Source code for antspynet.utilities.custom_metrics

import tensorflow as tf
import tensorflow.keras.backend as K
import numpy as np
import scipy as sp

[docs]def binary_dice_coefficient(smoothing_factor=0.0):

    """
    Binary dice segmentation loss.

    Note:  Assumption is that y_true is *not* a one-hot representation
    of the segmentation batch.  For use with e.g., sigmoid activation.

    Arguments
    ---------

    smoothing_factor : float
        Used to smooth value during optimization

    Returns
    -------
    Loss value (negative Dice coefficient).

    """

    def binary_dice_coefficient_fixed(y_true, y_pred):

        y_true_f = K.flatten(y_true)
        y_pred_f = K.flatten(y_pred)
        intersection = K.sum(y_true_f * y_pred_f)
        return(-1.0 * (2.0 * intersection + smoothing_factor)/
           (K.sum(y_true_f) + K.sum(y_pred_f) + smoothing_factor))

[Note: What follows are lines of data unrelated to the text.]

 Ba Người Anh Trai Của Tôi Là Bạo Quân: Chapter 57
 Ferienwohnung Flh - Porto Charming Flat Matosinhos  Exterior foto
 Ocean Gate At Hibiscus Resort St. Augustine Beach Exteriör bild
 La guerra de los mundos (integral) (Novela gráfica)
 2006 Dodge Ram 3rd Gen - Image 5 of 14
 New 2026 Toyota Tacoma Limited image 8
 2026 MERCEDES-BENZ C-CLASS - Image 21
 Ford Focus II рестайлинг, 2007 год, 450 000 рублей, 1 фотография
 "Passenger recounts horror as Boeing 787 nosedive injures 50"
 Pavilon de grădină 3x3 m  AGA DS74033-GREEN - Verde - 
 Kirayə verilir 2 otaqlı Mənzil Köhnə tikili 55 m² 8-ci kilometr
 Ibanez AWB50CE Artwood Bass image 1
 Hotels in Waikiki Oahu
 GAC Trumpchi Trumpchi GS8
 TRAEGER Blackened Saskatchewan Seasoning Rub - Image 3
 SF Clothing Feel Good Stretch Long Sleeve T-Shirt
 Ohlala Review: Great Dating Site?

    return(binary_dice_coefficient_fixed)

[docs]def multilabel_dice_coefficient(dimensionality=3, smoothing_factor=0.0):

    """
    Multi-label dice segmentation loss

    Note:  Assumption is that y_true is a one-hot representation
    of the segmentation batch.  The background (label 0) should
    be included but is not used in the calculation.  For use with
    e.g., softmax activation.

    Arguments
    ---------
    dimensionality : dimensionality
        Image dimension

    smoothing_factor : float
        Used to smooth value during optimization

    Returns
    -------
    Loss value (negative Dice coefficient).

    Example
    -------
    >>> import ants
    >>> import antspynet
    >>> import tensorflow as tf
    >>> import numpy as np
    >>>
    >>> r16 = ants.image_read(ants.get_ants_data("r16"))
    >>> r16_seg = ants.kmeans_segmentation(r16, 3)['segmentation']
    >>> r16_array = np.expand_dims(r16_seg.numpy(), axis=0)
    >>> r16_tensor = tf.convert_to_tensor(antspynet.encode_unet(r16_array, (0, 1, 2, 3)))
    >>>
    >>> r64 = ants.image_read(ants.get_ants_data("r64"))
    >>> r64_seg = ants.kmeans_segmentation(r64, 3)['segmentation']
    >>> r64_array = np.expand_dims(r64_seg.numpy(), axis=0)
    >>> r64_tensor = tf.convert_to_tensor(antspynet.encode_unet(r64_array, (0, 1, 2, 3)))
    >>>
    >>> dice_loss = antspynet.multilabel_dice_coefficient(dimensionality=2)
    >>> loss_value = dice_loss(r16_tensor, r64_tensor).numpy()
    >>> # Compare with...
    >>> ants.label_overlap_measures(r16_seg, r64_seg)
    """

    def multilabel_dice_coefficient_fixed(y_true, y_pred):
        y_dims = K.int_shape(y_pred)

        number_of_labels = y_dims[len(y_dims)-1]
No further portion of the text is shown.